Last week's council meeting opened on the steps of City Hall, with the mayor designating Saturday, Nov. 5, an official day of tolerance. That Saturday, as you certainly know, a dozen sons and daughters of the Confederacy's short bus took the plaza stage as the American White Knights of the Ku Klux Klan, standing in solidarity with the Texas Republican Party and legions of Baptist preachers in support of Proposition 2, the state constitutional amendment outlawing same-sex marriage and civil unions. Texas voters approved the amendment on Tuesday.
So Thursday's presser was a welcome, if somewhat rhetorical, action, with the entirety of the council dissing the KKK, and most but not all voicing their opposition to Prop. 2. Brewster McCracken took the mic with zeal. "Next Tuesday, Texans have the chance to decide if they're on the side of freedom, or they're on the side of the Ku Klux Klan. I'm on the side of freedom," said McCracken.
There was no word if Danny Thomas the only council member in support of Prop. 2, and, last we checked, council's only African-American member is secretly allied with the White Knights, but conventional wisdom is doubtful; that morning, a bristling Thomas complained, "I thought this press conference was about the Klan using our plaza." Despite Thomas' dissent, there was a unifying message to Austinites of all hues: Don't come. Noting that the Klan thrives, in state Rep. Senfronia Thompson's words, by "fanning the hellfire flames of bigotry," in the end council's warning didn't deter thousands of citizens from rallying Downtown anyway.

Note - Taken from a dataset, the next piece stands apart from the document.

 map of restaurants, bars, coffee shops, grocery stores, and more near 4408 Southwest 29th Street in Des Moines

"Don't come" might also be the official council slogan for the remainder of the month. As the holiday season looms, council meetings grow scarcer and more workmanlike and wonkish. The biggest story, the citizen review of the Daniel Rocha shooting, occurred separately from council proceedings last week (on Halloween), although each member or a representative attended. A week later, on Monday, the Austin Police Association filed a grievance with the city manager's office, alleging that information was leaked illegally from the Citizen Review Panel. Officially, the APA isn't talking, but we venture a guess that the grievance concerns Rocha family attorney Bobby Taylor's release of Officer Julie Schroeder's and Sgt. Don Doyle's videotaped re-enactments of their fatal struggle with Rocha. In some form, that argument may end on council's crowded plate.

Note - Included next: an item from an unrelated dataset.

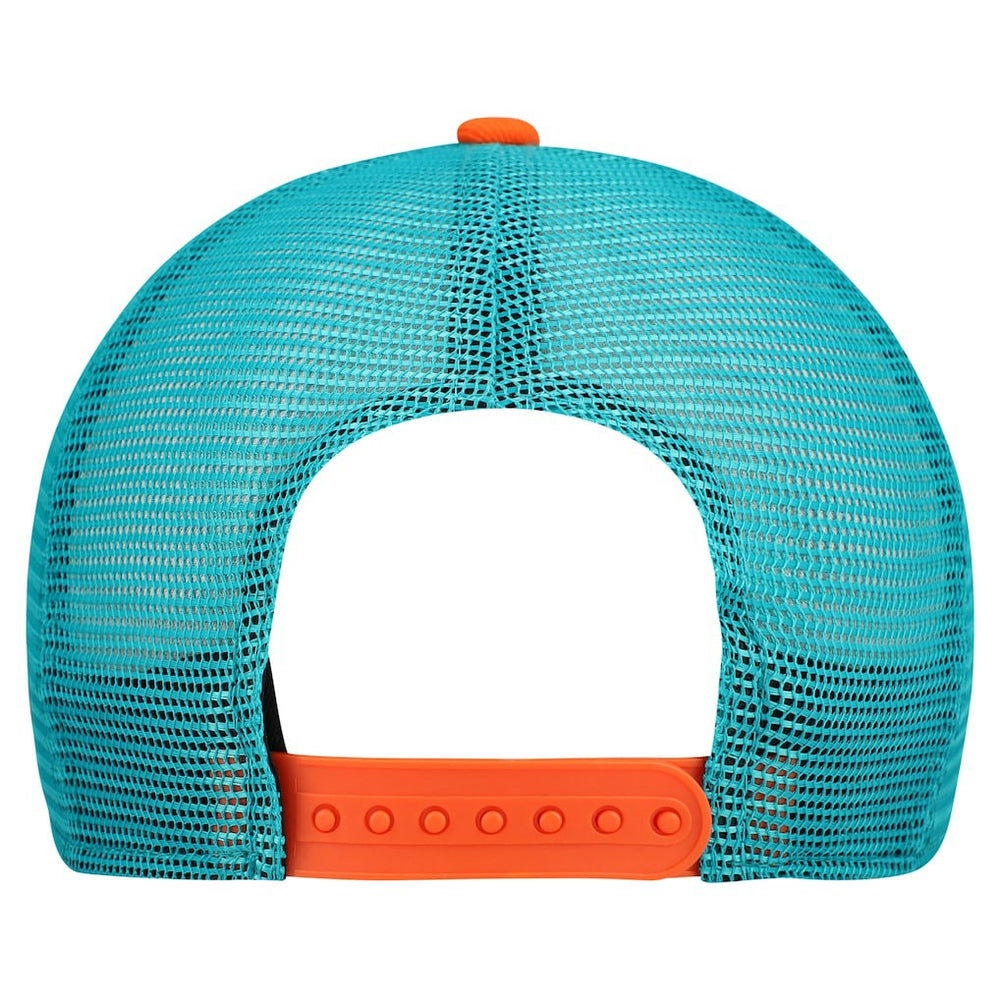 Miami Dolphins New Era Youth Banner 9FIFTY A-Frame Adjustable Trucker Hat Cream/Aqua - NFL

On other fronts, with a gang of zoning cases delayed (including the Spring Lofts point tower), and meetings canceled today (Thursday) and Turkey Day, Nov. 17's meeting should be stuffed like a, well, Thanksgiving fowl. Also in the seasonal spirit, the 17th is the second hearing of proposed public order ordinances criminalizing panhandling, solicitation, sleeping outdoors, and sitting on the sidewalk, with council action scheduled Dec. 15. Don't get caught napping.